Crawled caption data
------------------------------------

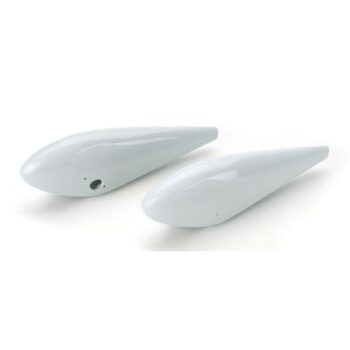 EFL2760_1.jpg. Wheel Pants: Ultimate 20-300 10 ARF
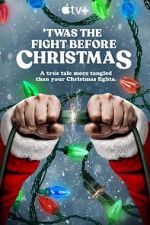 Watch The Fight Before Christmas Zoechip
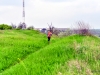 kazakova-25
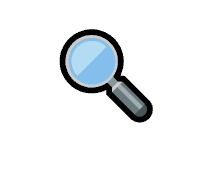 Picture4.png
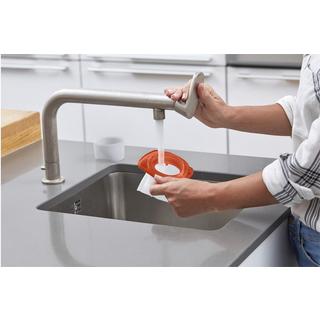 BLACK+DECKER BLACK+DECKER Akku-Handsauger Dustbuster Pet  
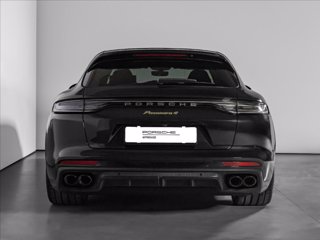 PORSCHE Panamera Sport Turismo 2.9 4 e-hybrid Platinum Edition auto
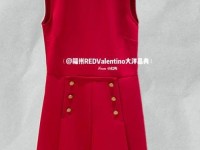 redvalentino,Redvalentino什么品牌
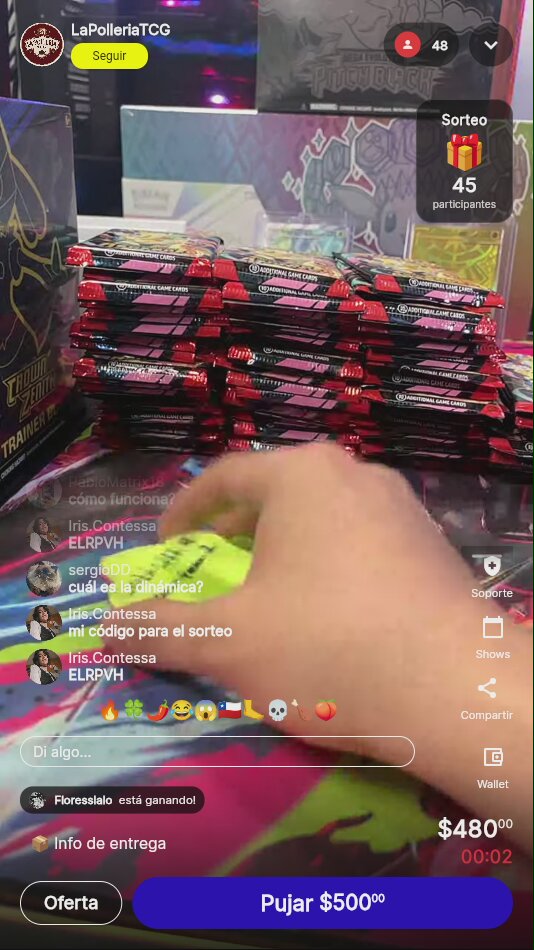 Artículo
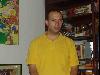 Profil ID#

------------------------------------

**Prompt:** Omit the pictures and write out the lines above from the one with "kazakova-25" through the last, unchanged.

**Task response:**
 kazakova-25
 Picture4.png
 BLACK+DECKER BLACK+DECKER Akku-Handsauger Dustbuster Pet  
 PORSCHE Panamera Sport Turismo 2.9 4 e-hybrid Platinum Edition auto
 redvalentino,Redvalentino什么品牌
 Artículo
 Profil ID#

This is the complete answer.